Vancouver, British Columbia-based mining company Orezone Gold Corp has secured commitments of more than US$182 million to finance the construction of its Bomboré Gold Project in Africa. The funding includes a US$35 million 8.5% convertible note from US mining private equity firm Resource Capital Funds and Canadian family office Beedie Capital.
VANCOUVER, BC, Jan. 21, 2021 /CNW/ – Orezone Gold Corporation (TSX.V: ORE) (OTCQX: ORZCF) (the “Company” or “Orezone”) is pleased to announce that the Company has secured binding commitments totalling in excess of US$182 million to fully finance the construction of its shovel-ready Bomboré Gold Project (“Bomboré” or the “Project”) located in Burkina Faso, West Africa (“Project Financing Package”). The Project remains on track for first gold pour by Q3-2022.
The Project Financing Package is comprised of the following key terms:
US$96 million senior secured debt facility with Coris Bank International (“Coris Bank”) with interest rates of 8.0% and 9.0% (“Senior Debt Facility”).
Coris Bank is one of the largest and fastest growing banks in West Africa.
US$35 million 8.5% convertible note with Resource Capital Fund VII L.P. (“RCF”) and Beedie Investments Ltd. (“Beedie Capital”) (“Convertible Note Facility”).
RCF VII is part of Resource Capital Funds, a global mining private equity firm.

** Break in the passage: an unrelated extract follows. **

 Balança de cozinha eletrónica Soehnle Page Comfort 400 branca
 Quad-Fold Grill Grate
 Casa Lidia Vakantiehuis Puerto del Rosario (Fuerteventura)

Beedie Capital is the private investment arm of Beedie, the largest private industrial owner, developer, and property manager in Western Canada.
US$51 million bought-deal equity offering of 61,950,000 common shares of the Company (the “Common Shares”) at a price of C$1.05 per Common Share (the “Equity Offering Price”) for gross proceeds of C$65,047,500 co-led by Canaccord Genuity Corp. (“Canaccord”) and CIBC Capital Markets (“CIBC”) (the “Equity Offering”).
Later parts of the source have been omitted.